Pictures must not appear in the copy. Set down exactly the line with "this 600×363 image." and each line after it through the end of the data below.

---

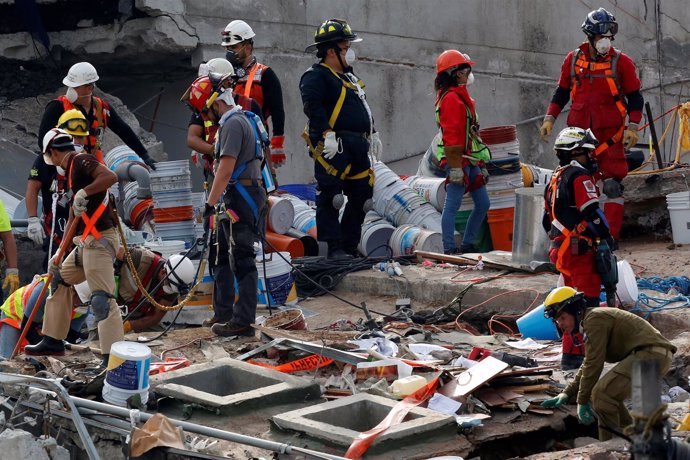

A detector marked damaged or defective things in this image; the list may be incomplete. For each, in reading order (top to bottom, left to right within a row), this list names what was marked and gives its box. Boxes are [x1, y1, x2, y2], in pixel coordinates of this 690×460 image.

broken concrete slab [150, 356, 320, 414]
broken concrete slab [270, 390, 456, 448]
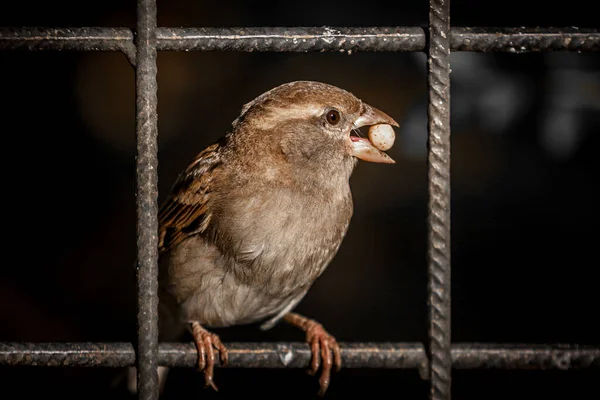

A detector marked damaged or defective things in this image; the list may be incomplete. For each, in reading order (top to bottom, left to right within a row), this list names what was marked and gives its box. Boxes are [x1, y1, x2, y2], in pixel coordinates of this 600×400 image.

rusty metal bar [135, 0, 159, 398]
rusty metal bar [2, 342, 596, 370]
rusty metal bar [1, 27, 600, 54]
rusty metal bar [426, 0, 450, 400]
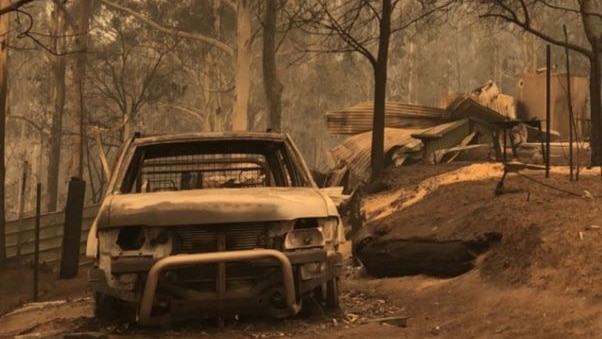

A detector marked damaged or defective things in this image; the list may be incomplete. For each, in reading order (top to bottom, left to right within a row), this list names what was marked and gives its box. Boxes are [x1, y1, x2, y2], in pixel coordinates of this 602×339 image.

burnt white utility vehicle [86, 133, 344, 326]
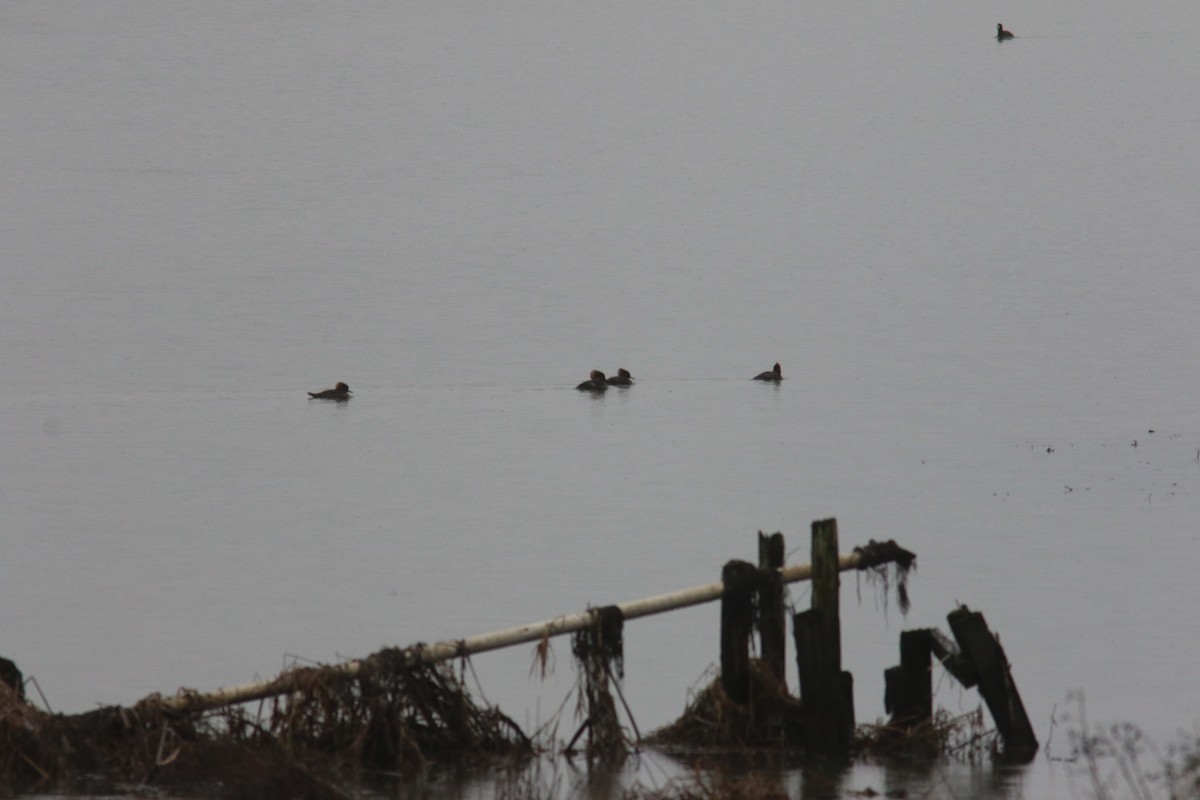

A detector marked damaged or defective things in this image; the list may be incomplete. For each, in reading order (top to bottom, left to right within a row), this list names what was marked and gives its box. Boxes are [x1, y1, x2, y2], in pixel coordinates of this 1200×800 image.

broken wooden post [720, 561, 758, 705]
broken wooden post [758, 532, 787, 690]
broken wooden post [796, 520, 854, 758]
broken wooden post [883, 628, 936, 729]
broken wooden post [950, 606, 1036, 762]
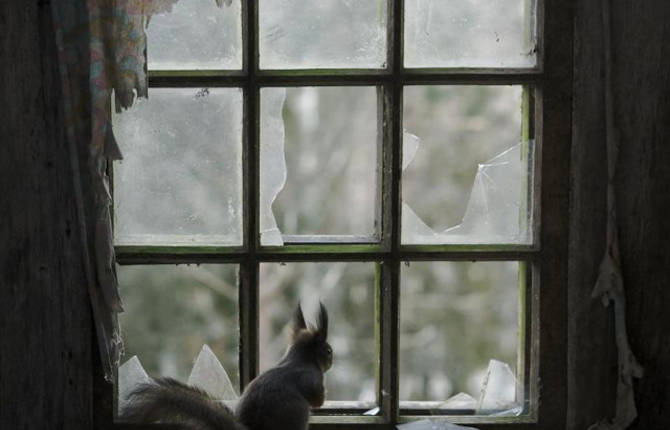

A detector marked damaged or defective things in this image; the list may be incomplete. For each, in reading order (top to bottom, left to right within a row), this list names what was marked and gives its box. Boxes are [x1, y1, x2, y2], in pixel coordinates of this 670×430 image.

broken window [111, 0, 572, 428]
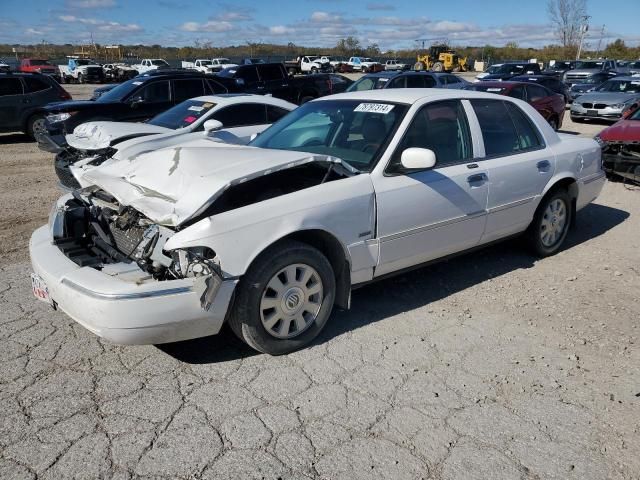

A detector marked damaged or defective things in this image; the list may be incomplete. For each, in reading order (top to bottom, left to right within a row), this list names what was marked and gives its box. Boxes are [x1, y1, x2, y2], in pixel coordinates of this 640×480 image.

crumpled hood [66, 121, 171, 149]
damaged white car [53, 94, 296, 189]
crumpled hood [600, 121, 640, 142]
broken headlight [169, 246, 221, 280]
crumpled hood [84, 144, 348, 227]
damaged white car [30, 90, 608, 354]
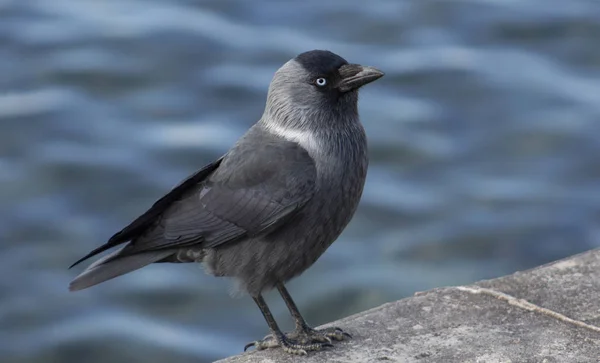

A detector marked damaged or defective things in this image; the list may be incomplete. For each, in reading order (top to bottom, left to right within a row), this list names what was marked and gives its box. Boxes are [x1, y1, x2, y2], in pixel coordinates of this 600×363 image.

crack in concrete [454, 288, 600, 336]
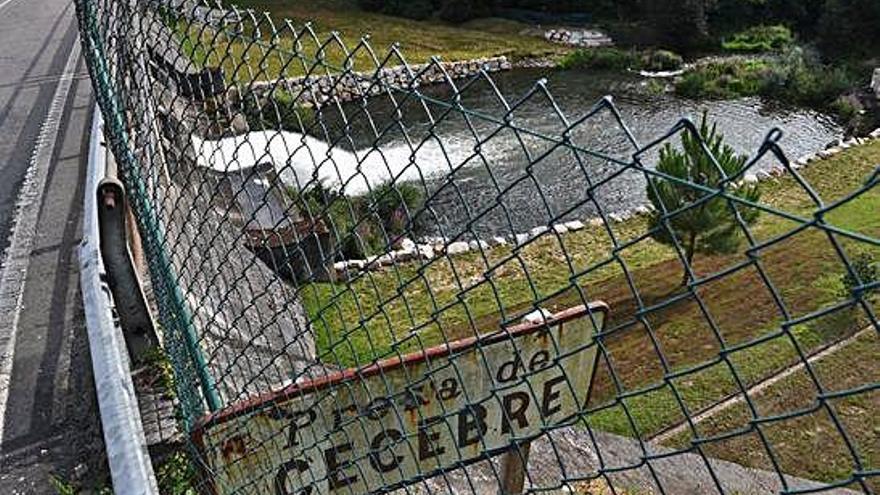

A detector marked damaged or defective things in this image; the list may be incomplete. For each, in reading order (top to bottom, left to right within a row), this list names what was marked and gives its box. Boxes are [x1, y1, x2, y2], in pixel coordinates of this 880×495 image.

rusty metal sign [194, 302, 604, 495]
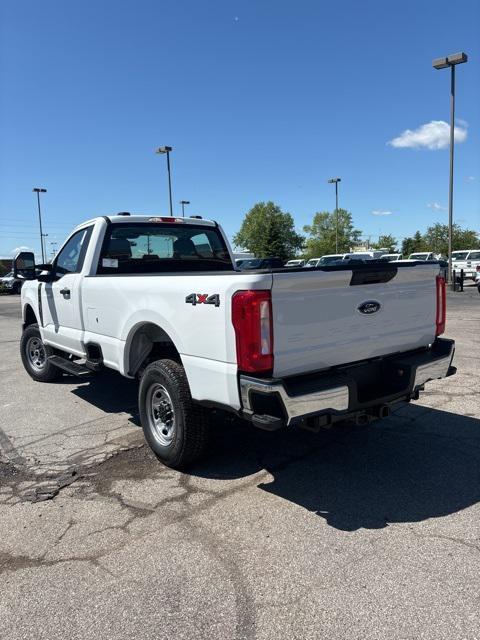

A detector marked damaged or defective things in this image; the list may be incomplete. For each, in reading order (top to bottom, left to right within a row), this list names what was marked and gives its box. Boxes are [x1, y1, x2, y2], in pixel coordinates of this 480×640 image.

---

**SOLUTION FOR THIS PROBLEM:**
A detector marked damaged or defective things in this image; the list may be incomplete. For each, in reading order (top to bottom, left to right within a row), this list names what was marked and gives its box. Boxes are [x1, y1, x2, y2], in pixel coordinates of this 600×363 image.

crack in concrete [454, 288, 600, 336]

A detector marked damaged or defective things in this image; the list may be incomplete. For each, in reading order (top to bottom, left to right within a row), this list names what was marked and gives its box. Boxes are [x1, y1, x2, y2], in pixel coordinates of this 880×495 image.

rusty metal sign [194, 302, 604, 495]

A detector marked damaged or defective things in this image; the list may be incomplete. For each, in reading order (top to bottom, left to right within a row), this list names what was marked and gives its box. Boxes are [x1, y1, x2, y2], in pixel coordinates of this 480×640 image.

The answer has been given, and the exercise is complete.